─── Data provided ───
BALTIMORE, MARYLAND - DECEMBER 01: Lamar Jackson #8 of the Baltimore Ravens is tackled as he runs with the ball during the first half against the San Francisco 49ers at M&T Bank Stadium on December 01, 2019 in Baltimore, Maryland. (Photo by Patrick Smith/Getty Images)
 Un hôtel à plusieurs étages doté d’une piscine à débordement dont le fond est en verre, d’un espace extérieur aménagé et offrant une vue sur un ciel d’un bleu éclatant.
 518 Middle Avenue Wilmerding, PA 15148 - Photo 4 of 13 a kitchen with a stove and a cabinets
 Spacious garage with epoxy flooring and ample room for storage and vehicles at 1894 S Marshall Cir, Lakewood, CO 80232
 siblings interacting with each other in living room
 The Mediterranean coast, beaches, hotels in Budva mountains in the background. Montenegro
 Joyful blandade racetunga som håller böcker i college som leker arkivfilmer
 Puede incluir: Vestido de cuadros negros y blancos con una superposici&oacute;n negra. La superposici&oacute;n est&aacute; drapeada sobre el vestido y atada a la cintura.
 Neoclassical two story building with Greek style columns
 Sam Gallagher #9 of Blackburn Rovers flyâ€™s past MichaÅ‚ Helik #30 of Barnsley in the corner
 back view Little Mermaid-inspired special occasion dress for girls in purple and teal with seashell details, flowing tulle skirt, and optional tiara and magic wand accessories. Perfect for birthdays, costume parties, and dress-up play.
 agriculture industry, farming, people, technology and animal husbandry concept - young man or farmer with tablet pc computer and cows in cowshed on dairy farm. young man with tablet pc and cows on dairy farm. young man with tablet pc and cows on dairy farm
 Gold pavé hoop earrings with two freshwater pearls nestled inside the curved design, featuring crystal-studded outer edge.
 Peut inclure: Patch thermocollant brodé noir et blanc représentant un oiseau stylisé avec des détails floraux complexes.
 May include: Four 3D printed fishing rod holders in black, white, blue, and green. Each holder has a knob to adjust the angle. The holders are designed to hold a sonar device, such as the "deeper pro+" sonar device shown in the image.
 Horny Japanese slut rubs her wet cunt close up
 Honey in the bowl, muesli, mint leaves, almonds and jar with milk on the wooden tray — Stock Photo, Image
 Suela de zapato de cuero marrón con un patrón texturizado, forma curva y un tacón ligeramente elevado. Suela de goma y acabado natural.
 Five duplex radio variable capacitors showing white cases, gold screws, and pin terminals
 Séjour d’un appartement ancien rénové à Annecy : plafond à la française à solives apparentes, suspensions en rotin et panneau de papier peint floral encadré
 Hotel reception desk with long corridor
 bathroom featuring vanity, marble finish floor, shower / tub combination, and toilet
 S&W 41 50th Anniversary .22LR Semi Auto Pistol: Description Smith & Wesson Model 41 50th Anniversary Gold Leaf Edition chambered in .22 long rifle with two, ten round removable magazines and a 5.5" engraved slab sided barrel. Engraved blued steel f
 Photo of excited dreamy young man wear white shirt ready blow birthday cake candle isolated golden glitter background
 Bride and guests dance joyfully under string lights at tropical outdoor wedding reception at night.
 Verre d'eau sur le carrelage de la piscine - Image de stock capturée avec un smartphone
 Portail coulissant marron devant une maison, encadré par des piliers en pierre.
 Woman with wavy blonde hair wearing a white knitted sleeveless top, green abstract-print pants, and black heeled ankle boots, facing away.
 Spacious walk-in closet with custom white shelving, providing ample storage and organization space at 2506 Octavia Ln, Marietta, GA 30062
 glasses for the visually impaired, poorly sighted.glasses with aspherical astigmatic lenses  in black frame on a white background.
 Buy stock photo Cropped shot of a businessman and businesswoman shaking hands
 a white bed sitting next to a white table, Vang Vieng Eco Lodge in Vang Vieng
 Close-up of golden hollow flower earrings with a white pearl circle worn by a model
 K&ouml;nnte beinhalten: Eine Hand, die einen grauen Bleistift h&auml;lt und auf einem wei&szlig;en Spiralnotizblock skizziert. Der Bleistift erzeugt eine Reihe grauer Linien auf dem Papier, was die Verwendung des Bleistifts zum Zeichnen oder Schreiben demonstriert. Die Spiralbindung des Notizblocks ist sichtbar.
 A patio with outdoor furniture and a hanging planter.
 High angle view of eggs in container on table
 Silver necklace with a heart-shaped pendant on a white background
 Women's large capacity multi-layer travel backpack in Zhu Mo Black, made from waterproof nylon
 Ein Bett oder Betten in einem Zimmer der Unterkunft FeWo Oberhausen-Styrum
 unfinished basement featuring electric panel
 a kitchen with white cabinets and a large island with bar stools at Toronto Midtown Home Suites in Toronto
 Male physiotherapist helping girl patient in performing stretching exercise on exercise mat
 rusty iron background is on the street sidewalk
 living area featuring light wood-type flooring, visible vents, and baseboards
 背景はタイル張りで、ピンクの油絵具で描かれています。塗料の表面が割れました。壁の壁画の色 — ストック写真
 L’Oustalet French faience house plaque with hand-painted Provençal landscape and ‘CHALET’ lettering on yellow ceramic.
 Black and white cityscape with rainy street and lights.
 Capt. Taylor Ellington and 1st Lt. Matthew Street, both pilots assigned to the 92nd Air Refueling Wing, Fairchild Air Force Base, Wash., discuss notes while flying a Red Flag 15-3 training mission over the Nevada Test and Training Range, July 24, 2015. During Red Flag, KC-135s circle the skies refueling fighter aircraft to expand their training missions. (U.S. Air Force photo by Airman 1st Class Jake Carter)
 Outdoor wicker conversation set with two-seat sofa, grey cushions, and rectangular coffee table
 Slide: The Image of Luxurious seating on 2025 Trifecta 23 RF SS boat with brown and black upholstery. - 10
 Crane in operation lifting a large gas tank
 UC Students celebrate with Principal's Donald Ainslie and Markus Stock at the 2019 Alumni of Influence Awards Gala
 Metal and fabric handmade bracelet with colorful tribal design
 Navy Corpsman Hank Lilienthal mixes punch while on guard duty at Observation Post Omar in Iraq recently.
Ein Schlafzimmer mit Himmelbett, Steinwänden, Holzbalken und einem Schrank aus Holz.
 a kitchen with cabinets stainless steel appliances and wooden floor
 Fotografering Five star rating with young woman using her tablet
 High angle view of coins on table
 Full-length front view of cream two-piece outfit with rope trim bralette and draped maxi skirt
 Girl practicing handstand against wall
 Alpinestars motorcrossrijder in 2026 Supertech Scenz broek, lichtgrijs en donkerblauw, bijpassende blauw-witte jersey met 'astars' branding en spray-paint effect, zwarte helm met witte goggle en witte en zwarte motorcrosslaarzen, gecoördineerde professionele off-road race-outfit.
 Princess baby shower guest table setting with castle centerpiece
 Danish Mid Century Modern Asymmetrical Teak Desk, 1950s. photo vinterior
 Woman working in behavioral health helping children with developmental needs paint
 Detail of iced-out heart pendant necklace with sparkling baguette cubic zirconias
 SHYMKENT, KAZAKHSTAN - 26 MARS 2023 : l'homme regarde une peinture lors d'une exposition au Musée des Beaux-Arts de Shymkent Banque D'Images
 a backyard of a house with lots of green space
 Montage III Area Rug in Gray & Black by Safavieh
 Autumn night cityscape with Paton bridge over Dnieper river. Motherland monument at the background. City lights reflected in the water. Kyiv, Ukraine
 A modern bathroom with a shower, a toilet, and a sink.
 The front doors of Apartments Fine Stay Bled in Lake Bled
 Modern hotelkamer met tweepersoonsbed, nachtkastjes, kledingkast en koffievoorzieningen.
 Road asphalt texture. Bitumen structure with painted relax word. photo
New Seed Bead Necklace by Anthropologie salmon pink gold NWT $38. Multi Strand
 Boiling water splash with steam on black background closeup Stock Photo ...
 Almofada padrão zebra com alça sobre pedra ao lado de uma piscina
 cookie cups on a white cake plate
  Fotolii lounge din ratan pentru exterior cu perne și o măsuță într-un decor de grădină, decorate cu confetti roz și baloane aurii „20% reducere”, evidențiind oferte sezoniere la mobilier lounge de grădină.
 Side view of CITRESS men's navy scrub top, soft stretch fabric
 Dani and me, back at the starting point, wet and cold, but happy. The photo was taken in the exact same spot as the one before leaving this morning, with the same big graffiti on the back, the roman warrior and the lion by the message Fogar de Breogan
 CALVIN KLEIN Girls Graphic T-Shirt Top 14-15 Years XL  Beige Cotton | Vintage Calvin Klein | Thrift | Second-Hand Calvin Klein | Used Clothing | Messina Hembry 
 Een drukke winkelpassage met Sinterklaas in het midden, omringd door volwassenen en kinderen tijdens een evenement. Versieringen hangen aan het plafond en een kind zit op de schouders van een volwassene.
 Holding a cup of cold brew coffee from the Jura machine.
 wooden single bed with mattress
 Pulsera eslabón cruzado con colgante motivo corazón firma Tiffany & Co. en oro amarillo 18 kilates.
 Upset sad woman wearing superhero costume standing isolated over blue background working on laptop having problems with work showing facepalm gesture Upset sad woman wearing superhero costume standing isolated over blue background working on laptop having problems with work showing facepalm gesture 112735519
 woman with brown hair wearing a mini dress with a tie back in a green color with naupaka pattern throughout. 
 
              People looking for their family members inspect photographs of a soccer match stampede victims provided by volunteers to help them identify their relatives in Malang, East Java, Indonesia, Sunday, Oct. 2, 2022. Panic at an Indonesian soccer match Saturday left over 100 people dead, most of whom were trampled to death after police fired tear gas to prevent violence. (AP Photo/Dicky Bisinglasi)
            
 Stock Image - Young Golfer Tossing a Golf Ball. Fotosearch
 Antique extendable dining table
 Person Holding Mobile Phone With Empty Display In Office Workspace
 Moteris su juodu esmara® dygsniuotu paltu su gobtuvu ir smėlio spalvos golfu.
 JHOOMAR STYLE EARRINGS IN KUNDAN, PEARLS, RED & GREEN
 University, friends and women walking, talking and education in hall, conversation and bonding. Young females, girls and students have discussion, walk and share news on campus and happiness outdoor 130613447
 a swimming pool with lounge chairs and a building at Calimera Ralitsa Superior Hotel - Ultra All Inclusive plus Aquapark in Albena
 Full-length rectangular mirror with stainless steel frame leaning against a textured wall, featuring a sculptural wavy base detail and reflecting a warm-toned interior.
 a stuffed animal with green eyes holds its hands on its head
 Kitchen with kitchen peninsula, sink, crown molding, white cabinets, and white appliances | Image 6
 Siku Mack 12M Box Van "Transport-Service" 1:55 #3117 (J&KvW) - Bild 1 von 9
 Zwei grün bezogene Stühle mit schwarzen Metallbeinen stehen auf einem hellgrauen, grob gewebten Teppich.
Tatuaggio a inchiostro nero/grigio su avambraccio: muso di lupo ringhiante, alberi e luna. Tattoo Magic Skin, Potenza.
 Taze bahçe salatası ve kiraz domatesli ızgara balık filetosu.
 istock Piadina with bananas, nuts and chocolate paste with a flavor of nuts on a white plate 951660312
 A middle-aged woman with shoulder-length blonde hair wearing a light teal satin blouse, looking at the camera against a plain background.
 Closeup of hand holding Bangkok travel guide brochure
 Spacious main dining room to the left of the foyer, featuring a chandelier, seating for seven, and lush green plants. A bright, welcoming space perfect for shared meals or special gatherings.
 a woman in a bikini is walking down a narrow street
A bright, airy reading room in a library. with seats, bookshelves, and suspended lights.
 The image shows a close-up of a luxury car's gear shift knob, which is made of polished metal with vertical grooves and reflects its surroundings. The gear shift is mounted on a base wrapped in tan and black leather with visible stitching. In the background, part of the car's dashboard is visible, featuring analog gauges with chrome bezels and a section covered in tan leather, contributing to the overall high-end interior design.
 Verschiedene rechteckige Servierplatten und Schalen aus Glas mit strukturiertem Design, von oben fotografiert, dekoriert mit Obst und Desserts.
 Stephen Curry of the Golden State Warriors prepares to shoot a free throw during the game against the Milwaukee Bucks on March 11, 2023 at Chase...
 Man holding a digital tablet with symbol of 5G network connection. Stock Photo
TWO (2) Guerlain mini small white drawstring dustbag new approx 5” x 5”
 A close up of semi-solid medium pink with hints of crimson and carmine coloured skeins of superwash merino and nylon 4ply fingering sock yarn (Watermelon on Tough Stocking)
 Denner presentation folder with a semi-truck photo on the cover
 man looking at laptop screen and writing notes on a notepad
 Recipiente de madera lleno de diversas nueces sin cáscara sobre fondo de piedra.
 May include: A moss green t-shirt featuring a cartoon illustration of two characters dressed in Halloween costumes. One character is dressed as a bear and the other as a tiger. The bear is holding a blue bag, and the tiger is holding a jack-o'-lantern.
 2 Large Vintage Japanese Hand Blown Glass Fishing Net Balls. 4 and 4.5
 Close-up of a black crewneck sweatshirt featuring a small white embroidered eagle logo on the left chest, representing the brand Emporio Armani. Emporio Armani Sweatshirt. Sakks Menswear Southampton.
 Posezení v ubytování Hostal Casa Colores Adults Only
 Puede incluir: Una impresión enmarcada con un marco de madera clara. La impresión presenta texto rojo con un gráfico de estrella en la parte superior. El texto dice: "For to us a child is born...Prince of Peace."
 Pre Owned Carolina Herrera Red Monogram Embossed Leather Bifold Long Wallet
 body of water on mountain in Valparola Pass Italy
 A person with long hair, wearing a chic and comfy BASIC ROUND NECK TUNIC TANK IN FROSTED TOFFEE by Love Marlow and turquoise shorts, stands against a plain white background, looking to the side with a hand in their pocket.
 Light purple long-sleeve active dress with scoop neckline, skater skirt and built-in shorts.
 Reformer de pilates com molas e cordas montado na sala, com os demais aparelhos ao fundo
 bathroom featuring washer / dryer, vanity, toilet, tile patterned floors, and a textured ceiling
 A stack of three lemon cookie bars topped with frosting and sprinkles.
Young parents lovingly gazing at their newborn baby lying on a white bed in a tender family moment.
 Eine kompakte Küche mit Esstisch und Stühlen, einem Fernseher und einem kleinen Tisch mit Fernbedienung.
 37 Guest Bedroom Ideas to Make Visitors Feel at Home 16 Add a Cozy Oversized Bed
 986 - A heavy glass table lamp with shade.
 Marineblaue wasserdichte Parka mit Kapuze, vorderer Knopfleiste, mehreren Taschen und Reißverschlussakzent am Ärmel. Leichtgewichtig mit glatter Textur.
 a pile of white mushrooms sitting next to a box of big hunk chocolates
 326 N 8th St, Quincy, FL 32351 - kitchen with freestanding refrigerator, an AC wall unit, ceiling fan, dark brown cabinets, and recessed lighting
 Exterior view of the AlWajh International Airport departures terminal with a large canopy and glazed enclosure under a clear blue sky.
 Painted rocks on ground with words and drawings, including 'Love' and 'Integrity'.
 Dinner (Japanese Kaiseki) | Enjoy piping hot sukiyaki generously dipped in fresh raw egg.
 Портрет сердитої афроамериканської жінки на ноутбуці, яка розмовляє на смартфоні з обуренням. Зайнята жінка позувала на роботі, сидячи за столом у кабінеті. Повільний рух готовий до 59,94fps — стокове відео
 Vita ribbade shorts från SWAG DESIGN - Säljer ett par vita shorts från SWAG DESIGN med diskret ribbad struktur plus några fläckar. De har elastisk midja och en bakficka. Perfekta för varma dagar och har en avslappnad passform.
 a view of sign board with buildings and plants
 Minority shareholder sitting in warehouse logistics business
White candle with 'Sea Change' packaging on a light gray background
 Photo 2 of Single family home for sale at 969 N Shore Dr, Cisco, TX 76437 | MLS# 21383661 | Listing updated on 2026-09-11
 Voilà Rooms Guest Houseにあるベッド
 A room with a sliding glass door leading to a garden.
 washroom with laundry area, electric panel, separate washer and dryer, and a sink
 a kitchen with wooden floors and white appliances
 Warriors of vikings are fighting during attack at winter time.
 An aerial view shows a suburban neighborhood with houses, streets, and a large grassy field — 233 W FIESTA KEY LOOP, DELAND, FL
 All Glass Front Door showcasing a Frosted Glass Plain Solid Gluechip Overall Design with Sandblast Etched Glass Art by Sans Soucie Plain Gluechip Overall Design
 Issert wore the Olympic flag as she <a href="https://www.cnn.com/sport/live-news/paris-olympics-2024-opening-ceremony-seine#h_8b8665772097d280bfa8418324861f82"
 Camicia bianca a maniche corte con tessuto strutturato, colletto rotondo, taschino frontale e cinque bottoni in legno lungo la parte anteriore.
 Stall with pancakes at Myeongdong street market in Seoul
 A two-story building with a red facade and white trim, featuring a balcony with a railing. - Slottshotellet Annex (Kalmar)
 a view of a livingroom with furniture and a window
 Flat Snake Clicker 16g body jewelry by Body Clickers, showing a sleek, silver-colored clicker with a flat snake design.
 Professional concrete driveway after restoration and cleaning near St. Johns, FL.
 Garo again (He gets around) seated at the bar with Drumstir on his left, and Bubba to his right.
───
Above are the records; from them, give again exactly the lines from the one containing "Ein Schlafzimmer mit" through the one containing "Montage III Area", both included.

Exercise response:
Ein Schlafzimmer mit Himmelbett, Steinwänden, Holzbalken und einem Schrank aus Holz.
 a kitchen with cabinets stainless steel appliances and wooden floor
 Fotografering Five star rating with young woman using her tablet
 High angle view of coins on table
 Full-length front view of cream two-piece outfit with rope trim bralette and draped maxi skirt
 Girl practicing handstand against wall
 Alpinestars motorcrossrijder in 2026 Supertech Scenz broek, lichtgrijs en donkerblauw, bijpassende blauw-witte jersey met 'astars' branding en spray-paint effect, zwarte helm met witte goggle en witte en zwarte motorcrosslaarzen, gecoördineerde professionele off-road race-outfit.
 Princess baby shower guest table setting with castle centerpiece
 Danish Mid Century Modern Asymmetrical Teak Desk, 1950s. photo vinterior
 Woman working in behavioral health helping children with developmental needs paint
 Detail of iced-out heart pendant necklace with sparkling baguette cubic zirconias
 SHYMKENT, KAZAKHSTAN - 26 MARS 2023 : l'homme regarde une peinture lors d'une exposition au Musée des Beaux-Arts de Shymkent Banque D'Images
 a backyard of a house with lots of green space
 Montage III Area Rug in Gray & Black by Safavieh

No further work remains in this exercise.